If you have more serious interest in a feature like this, then I can write something up! The only thing holding me back is a better picture of an end user API design that you would feel comfortable using.
Let me know your thoughts, I appreciate the dialogue.
I came here for the same reason, but looks like the only nice solution is this one here:
Create ddiff ddiff = DeepDiff(destination_data, source_data, ignore_order=True)
search the ddiff top level for the change_sections of interest (ie. 'values_changed')
iterate through that ddiff dict value (where ddiff key='values_changed') and reconstruct a dict so that new_dict[changed_key] = changed_value
return the new dict
@seperman @emocibob
what @emocibob and I want is
{ 'x': { 'y': [4] }, 'q': { 't': 0.5 } }Is it possible?
there is a way using the pprint builtin python library there is an example of this kind in the documentation:
>>> import pprint
>>> stuff = ['spam', 'eggs', 'lumberjack', 'knights', 'ni']
>>> stuff.insert(0, stuff[:])
>>> pp = pprint.PrettyPrinter(indent=4)
>>> pp.pprint(stuff)
[ ['spam', 'eggs', 'lumberjack', 'knights', 'ni'],
'spam',
'eggs',
'lumberjack',
'knights',
'ni']
>>> pp = pprint.PrettyPrinter(width=41, compact=True)
>>> pp.pprint(stuff)
[['spam', 'eggs', 'lumberjack',
'knights', 'ni'],
'spam', 'eggs', 'lumberjack', 'knights',
'ni']
>>> tup = ('spam', ('eggs', ('lumberjack', ('knights', ('ni', ('dead',
... ('parrot', ('fresh fruit',))))))))
>>> pp = pprint.PrettyPrinter(depth=6)
>>> pp.pprint(tup)
('spam', ('eggs', ('lumberjack', ('knights', ('ni', ('dead', (...)))))))
>>>
https://docs.python.org/3/library/pprint.html
If you would not mind I can open a PR, I only need to know where to do it (what file)
Any update ?
Current Result
{"root[0]['quantity']": {'new_value': 418190.78192466387,
'old_value': 418552.0530982703},
What i want
'entry': [{'coin': 'ETH',
'quantity': 418552.0530982703,
'wallet': '0x0548f59fee79f8832c299e01dca5c76f034f558e'}]
variables are in string format.
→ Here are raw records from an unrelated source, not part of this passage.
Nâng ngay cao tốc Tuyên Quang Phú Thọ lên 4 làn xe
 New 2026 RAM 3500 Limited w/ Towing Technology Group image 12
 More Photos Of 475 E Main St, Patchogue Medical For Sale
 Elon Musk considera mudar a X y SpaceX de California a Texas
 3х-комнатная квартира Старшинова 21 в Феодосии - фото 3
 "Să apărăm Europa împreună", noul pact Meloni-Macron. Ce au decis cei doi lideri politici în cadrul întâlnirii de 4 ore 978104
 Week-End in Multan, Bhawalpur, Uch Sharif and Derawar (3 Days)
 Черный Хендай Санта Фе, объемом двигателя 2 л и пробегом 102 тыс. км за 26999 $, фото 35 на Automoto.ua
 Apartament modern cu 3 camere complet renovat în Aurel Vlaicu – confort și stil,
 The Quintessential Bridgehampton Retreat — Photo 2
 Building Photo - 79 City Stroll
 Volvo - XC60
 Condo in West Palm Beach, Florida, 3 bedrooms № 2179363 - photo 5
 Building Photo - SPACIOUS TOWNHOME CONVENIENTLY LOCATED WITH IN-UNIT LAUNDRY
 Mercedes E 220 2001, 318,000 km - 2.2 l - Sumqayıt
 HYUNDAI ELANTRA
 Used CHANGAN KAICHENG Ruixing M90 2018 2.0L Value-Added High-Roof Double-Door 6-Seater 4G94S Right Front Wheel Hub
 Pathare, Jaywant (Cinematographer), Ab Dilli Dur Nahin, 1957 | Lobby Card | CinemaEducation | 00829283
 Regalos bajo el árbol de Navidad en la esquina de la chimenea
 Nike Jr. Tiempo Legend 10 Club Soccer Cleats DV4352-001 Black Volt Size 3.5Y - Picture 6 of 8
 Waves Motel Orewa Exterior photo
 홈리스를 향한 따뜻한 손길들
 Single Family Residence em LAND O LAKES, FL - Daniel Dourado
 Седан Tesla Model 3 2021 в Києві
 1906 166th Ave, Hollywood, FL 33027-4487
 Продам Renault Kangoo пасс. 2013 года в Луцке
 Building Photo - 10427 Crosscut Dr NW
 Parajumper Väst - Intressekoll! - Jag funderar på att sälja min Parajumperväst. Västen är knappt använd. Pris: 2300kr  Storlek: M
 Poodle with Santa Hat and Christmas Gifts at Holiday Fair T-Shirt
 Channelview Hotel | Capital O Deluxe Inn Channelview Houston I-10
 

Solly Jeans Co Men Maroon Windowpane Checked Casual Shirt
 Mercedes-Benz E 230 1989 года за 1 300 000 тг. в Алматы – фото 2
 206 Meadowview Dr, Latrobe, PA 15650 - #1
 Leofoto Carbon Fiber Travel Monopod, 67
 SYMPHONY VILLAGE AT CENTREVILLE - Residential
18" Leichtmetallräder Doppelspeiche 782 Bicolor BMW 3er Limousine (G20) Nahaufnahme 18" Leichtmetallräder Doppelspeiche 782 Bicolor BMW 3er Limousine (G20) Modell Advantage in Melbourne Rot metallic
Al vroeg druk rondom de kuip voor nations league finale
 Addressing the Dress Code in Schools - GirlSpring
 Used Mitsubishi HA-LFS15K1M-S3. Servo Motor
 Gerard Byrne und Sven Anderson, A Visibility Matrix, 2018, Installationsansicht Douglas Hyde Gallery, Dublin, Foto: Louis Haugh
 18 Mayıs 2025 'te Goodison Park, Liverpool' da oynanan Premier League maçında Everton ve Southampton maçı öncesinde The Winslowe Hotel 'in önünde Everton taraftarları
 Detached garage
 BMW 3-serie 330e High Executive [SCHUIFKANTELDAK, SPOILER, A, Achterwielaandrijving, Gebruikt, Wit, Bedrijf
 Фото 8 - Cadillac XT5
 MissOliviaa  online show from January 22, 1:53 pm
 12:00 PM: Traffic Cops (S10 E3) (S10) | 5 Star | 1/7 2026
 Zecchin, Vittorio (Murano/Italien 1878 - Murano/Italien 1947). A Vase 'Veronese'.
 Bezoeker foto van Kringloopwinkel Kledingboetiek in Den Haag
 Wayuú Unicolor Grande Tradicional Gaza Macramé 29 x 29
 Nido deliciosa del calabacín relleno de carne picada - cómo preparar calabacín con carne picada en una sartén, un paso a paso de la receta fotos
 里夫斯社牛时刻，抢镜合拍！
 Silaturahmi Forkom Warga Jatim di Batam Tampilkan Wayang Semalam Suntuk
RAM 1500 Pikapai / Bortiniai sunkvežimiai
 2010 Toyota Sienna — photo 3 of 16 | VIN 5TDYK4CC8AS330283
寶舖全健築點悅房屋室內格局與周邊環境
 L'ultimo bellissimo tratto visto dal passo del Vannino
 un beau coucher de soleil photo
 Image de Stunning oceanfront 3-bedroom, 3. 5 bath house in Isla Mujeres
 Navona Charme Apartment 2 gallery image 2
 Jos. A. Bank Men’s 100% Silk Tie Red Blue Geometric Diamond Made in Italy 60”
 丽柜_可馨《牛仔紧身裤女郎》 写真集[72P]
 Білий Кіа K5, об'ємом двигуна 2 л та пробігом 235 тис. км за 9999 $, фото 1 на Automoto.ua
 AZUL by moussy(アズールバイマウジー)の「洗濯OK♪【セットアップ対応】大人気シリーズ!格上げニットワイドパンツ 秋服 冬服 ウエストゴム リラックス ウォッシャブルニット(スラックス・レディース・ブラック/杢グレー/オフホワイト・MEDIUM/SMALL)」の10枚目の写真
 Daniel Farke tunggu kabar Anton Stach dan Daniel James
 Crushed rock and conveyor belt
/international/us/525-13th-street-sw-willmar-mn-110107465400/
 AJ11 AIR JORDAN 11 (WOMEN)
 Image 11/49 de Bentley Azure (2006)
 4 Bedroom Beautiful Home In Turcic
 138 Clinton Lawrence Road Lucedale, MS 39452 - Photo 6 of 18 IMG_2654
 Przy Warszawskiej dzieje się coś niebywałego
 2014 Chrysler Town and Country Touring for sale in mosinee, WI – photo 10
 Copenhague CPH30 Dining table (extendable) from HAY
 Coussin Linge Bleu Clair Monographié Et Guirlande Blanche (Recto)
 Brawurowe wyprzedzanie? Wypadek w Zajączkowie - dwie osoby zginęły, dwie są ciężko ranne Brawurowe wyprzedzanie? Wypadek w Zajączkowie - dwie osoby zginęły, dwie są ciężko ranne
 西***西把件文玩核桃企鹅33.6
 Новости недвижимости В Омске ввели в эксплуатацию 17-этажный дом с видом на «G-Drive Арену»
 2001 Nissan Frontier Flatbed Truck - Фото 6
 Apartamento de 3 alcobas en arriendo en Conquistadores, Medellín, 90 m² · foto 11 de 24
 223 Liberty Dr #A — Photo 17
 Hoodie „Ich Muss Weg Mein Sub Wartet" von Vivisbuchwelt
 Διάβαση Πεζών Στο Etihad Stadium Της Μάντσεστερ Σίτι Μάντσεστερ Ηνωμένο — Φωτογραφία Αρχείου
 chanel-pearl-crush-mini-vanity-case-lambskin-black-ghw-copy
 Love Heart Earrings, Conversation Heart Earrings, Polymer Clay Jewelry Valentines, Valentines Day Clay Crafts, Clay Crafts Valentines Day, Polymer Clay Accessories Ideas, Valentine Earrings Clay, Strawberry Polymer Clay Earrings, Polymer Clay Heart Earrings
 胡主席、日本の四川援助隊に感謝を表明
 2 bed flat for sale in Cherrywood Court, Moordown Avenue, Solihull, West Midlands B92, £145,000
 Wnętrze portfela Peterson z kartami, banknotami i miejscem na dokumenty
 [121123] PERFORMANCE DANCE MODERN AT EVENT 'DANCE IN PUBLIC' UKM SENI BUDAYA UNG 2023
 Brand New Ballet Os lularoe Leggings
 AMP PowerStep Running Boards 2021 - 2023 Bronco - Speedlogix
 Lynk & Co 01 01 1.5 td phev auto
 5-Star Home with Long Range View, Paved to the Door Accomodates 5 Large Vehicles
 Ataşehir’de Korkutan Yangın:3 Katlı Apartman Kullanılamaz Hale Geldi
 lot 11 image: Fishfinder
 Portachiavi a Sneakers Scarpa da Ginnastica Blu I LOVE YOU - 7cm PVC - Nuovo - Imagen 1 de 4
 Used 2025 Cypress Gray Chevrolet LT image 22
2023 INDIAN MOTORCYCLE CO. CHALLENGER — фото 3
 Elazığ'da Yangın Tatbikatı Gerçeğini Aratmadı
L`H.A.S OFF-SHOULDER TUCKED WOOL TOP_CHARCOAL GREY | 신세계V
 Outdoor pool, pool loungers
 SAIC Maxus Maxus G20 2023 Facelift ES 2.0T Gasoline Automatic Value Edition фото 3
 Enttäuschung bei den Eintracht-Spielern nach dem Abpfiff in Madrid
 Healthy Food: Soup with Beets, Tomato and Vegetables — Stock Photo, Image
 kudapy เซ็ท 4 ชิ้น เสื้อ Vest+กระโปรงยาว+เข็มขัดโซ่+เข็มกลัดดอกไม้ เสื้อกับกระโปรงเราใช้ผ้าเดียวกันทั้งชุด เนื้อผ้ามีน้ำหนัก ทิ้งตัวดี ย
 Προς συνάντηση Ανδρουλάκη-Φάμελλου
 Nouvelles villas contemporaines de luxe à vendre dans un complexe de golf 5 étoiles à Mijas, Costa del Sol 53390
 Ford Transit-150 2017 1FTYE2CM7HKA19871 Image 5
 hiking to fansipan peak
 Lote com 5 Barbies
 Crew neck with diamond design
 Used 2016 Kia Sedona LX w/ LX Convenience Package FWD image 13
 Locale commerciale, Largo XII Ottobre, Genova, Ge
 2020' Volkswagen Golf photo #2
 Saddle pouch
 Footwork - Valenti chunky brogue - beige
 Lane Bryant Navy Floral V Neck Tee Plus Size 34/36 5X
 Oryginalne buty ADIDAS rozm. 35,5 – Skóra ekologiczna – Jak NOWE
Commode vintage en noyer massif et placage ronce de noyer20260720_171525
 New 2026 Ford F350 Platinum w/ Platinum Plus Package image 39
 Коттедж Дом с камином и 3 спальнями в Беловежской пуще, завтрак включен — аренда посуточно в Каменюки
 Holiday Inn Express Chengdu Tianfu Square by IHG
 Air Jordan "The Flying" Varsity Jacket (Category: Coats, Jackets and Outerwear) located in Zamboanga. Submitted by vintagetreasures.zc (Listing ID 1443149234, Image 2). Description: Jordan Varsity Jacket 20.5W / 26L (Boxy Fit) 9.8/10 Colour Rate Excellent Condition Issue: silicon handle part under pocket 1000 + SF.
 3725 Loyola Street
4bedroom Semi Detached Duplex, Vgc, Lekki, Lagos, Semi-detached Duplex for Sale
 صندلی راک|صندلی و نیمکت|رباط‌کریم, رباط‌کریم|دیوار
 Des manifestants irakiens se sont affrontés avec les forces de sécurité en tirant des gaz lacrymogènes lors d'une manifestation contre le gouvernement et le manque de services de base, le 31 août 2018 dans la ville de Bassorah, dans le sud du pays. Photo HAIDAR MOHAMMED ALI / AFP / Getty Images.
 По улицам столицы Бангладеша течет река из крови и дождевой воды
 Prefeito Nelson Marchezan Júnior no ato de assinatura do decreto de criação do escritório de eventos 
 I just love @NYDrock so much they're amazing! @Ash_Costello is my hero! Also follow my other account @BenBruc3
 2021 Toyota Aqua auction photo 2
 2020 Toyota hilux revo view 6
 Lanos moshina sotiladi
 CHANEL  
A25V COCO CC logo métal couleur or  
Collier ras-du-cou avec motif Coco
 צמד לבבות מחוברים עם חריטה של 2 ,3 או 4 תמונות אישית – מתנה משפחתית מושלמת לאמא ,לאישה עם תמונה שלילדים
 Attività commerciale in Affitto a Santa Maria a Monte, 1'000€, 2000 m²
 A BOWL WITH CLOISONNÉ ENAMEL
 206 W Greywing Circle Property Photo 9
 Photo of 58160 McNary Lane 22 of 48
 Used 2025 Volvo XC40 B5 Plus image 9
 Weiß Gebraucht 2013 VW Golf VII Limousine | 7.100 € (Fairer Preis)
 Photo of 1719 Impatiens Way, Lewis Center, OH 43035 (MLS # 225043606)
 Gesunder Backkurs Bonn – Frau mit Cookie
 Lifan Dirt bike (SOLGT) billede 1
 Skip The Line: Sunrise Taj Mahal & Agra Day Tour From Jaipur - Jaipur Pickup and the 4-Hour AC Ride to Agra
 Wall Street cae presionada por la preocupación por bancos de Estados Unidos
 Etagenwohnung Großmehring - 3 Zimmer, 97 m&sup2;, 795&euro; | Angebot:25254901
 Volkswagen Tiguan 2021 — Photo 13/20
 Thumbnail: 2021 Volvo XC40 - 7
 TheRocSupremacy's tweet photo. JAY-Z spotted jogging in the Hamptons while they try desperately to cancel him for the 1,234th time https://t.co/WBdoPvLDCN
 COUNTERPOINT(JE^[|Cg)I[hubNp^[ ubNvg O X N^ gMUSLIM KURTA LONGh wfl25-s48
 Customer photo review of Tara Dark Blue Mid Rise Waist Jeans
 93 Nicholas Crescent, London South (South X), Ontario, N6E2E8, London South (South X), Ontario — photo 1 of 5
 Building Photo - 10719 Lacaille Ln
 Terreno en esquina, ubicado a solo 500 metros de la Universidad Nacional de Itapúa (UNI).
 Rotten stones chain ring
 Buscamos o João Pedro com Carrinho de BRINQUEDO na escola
I would love to reach all parents of diff
Any updates?
@wobeng @sreecodeslayer @emocibob @rgarrigue @wyattshapiro @shibumi @LeonardoLeano333 @fatihsirin @nmaas87
There is a wip force flag on the delta object that might give you something close to what you are asking for with some caveats.
>>> from deepdiff import DeepDiff, Delta
>>> t1 = {
... 'x': {
... 'y': [1, 2, 3]
... },
... 'q': {
... 'r': 'abc',
... }
... }
>>>
>>> t2 = {
... 'x': {
... 'y': [1, 2, 3, 4]
... },
... 'q': {
... 'r': 'abc',
... 't': 0.5,
... }
... }
>>>
>>> diff = DeepDiff(t1, t2)
>>> diff
{'dictionary_item_added': [root['q']['t']], 'iterable_item_added': {"root['x']['y'][3]": 4}}
>>> delta = Delta(diff)
>>> {} + delta
Unable to get the item at root['x']['y'][3]: 'x'
Unable to get the item at root['q']['t']
{}
Once we set the force to be True
>>> delta = Delta(diff, force=True)
>>> {} + delta
{'x': {'y': {3: 4}}, 'q': {'t': 0.5}}
Notice that the force attribute does not know the original object at ['x']['y'] was supposed to be a list, so it assumes it was a dictionary.
You can find this new feature on the dev branch. To learn more about delta: https://zepworks.com/deepdiff/current/delta.html
Due to the lack of this feature we stopped using DeepDiff and instead now using dictdiffer (its docs for quick examples). Its output format is a lot easier to parse and get the relevant changes. I don't personally understand the appeal for root['obj']['obj'] format. At the very least it should be dot.seperated.items to make life a bit easier for developers.
@synchronizing Did you try the Delta(diff, force=True) mentioned above?
The developers can use the tree view which allows them to get the path directly. They don't need to parse root['obj']['obj']. Have you tried that?